In the US these farms provide about half of the nation’s milk. Increasing consumer demand in the UK, and attractive profits, are driving the possibility of mega dairies hopping the pond.

Image: By Eric Dufresne from Trois-Rivières, Canada (Flickr) [CC-BY-2.0 (http://creativecommons.org/licenses/by/2.0)], via Wikimedia Commons

By Flora Haynes
@FloraHaynes

Large dairy farms where animals do not graze and are generally kept indoors are called ‘mega dairies’, and are common in the United States. They have been likened to farms which house battery hens. Thousands of cattle are kept on one site and milked in shifts of 24 hours a day, seven days a week. The cattle in these farms are permanently housed and are not expected to see grass during their lifetime. Their food needs to be imported to the site and huge quantities of animal waste must be disposed of. In the US these farms provide about half of the nation’s milk. Increasing consumer demand in the UK, and attractive profits, are driving the possibility of mega dairies hopping the pond.

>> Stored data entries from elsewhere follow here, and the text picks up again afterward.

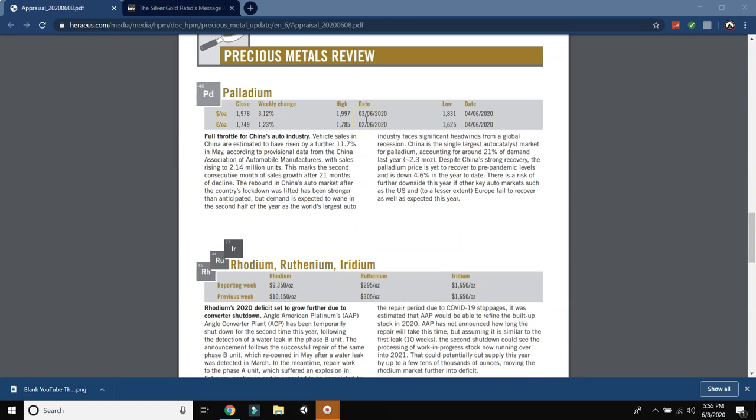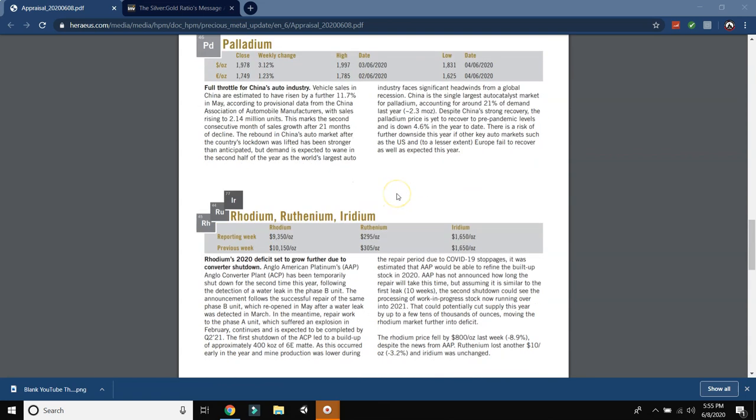So here's Palladium. Full throttle for China's auto industry. Vehicle sales in China are estimated to have risen by a further 11.7% in May, according to provisional data from the China Association of Automobile Manufacturers, with sales rising to 2.14 million units. This marked the second consecutive month of sales growth after 21 months of decline. The rebound in China's auto market after the country's lockdown was lifted has been stronger than anticipated. But demand is expected to wane in the second half of the year as the world's largest auto industry faces significant headwinds from a global recession. China is the single largest auto catalyst market for Palladium, accounting for around 21% of demand last year, 2.3 million ounces. Despite China's strong recovery, the Palladium price is yet to recover to pre-pandemic levels, but is down 4.6% in the year to date. There is a risk of further downside this year if the key auto markets such as the US and a lesser extent Europe fail to recover as well as expected.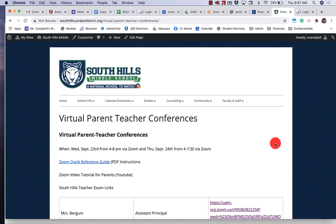Hi everybody, my name is Mr. Campbell. I'm an assistant principal in Jordan School District at South Hills Middle School and today I'm going to show you how to join a virtual parent-teacher conference via Zoom.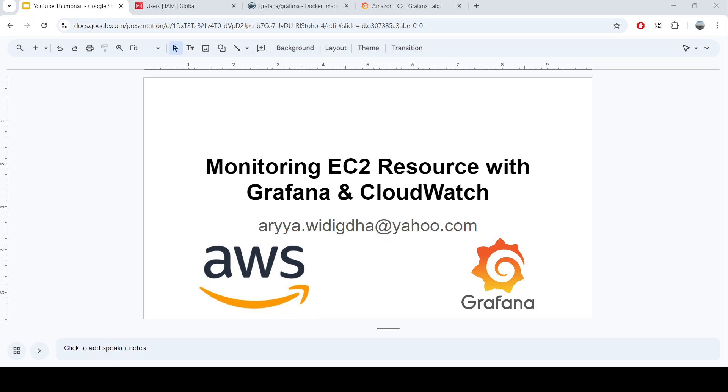Hello everyone, welcome back to DevOps and Cloud with Aria. In this video I will show how to do some monitoring for the EC2 resources in AWS using Grafana with the integration with CloudWatch.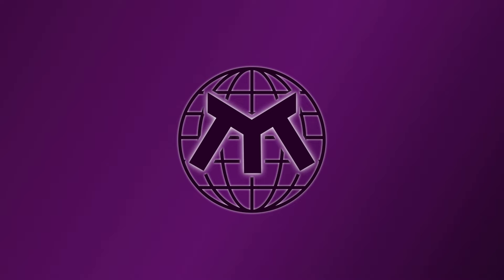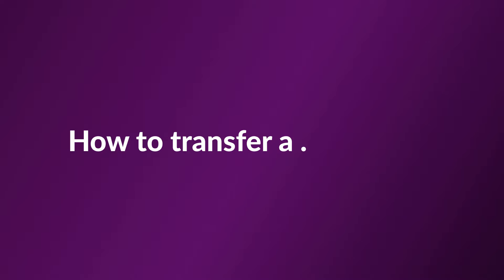Welcome to the Metrix Name Service Tutorial Series. In this instruction video, we'll transfer a name using the Metrix Name Service.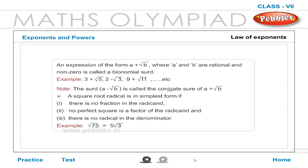An expression of the form A plus root B, where A and B are rational and non-zero, is called a binomial surd. Example: 3 plus root 5, 2 minus root 3, 9 plus root 11, etc. A square root radical is in simplest form if there is no fraction in the radicand, no perfect square is a factor of the radicand, and there is no radical in the denominator. Example: root of 75 is equal to 5 root 3.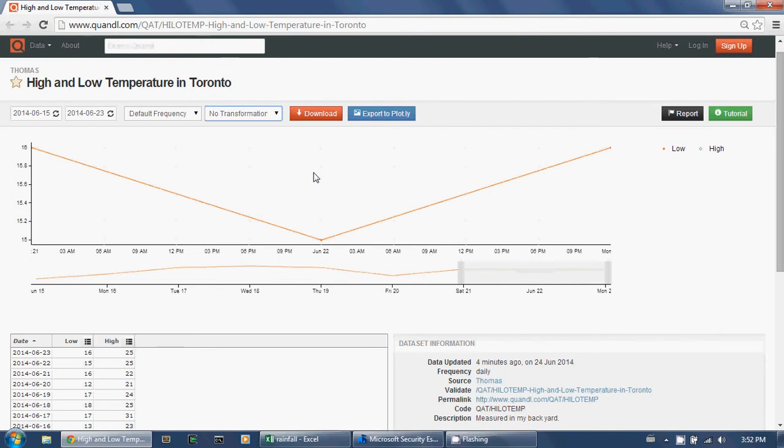Here's the data page on Quandl exactly as I just created it. It's that simple.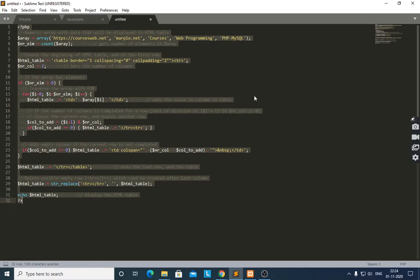If the number of columns for a row is completed, we close the current row and begin another row. We check this using: dollar i plus one, modulo number of columns, equals zero. If number of columns is two, when that condition is met, it will close the row and add a new one. Then we add an empty column if the current row is not completed.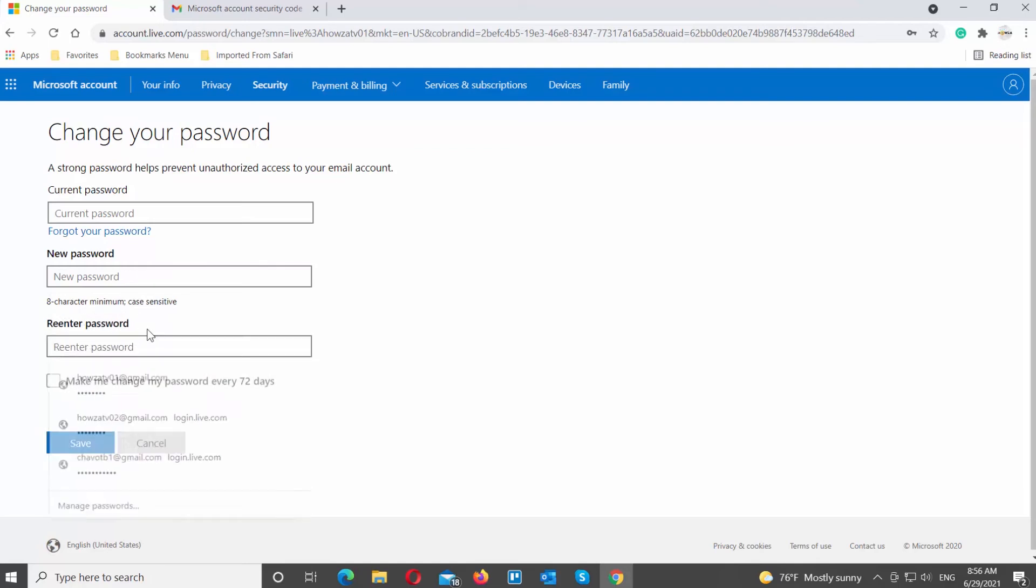Once you change your password, it will automatically log you out of all devices. So you will need to enter a new password to log in again.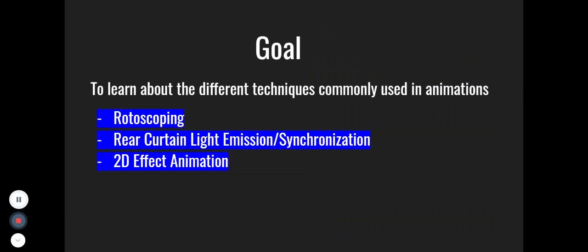My goal was to learn about the different techniques commonly used by animators, and this video includes rotoscoping, rear curtain light emission, and 2D effect animation.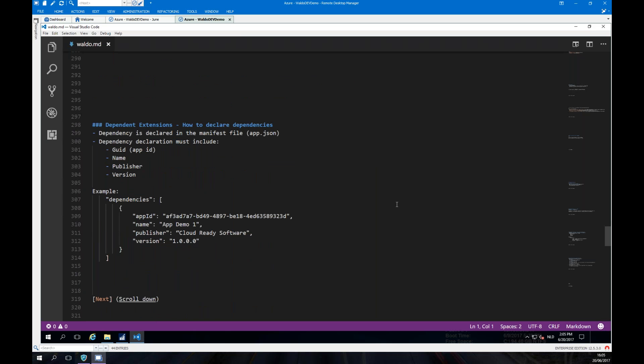To declare a dependent extension, you define it in the app.json by specifying the GUID of the dependency, a name, a publisher, and a version. On top of that, you add the .navx file of the base extension into the packages folder. This .navx file acts like a symbol file for the dependent extension.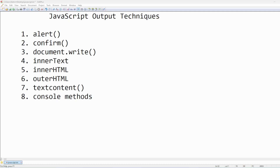You can display any value or result of any expression in HTML. There are various techniques — we have alert, confirm, document.write, innerText, innerHTML, outerHTML, textContent, and console. We normally use these main ones. We're going to learn all these techniques one by one, starting with the first option: alert.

So are we likely to see mega dairies in the British countryside?

In 2011 a proposal for a mega dairy in Lincolnshire was withdrawn due to opposition from the Environment Agency (as well as local residents, MPs, animal rights campaigners and traditional dairy farmers). The EA found the dairy would pose a serious threat to groundwater below the farm, which supplies local drinking water. The dairies also create methane and nitrate pollution on a large scale as well as producing strong odours. Farms in the US have been linked to the appearance of large fly populations and consequent complaints from local residents. It is believed however that some pollution problems could be mediated using anaerobic digesters.

Animal rights groups argue against keeping cattle indoors and not allowing them to graze outside. Further, traditional cattle grazing in the UK has an ecological benefit in terms of biodiversity. Small farms would not be able to compete with the low milk costs mega dairies benefit from and the grazing benefits would be lost.

A mega dairy has already been built without permission in Carmarthen, Wales. It houses 1, 800 cattle and has been running for over a year.

It is predicted that applications will increase, and pressure for these high-tech factory style farms will continue. Is this just progress and an inevitable evolution of dairy farming or does it highlight a much wider issue of population increase and unsustainable farming practices?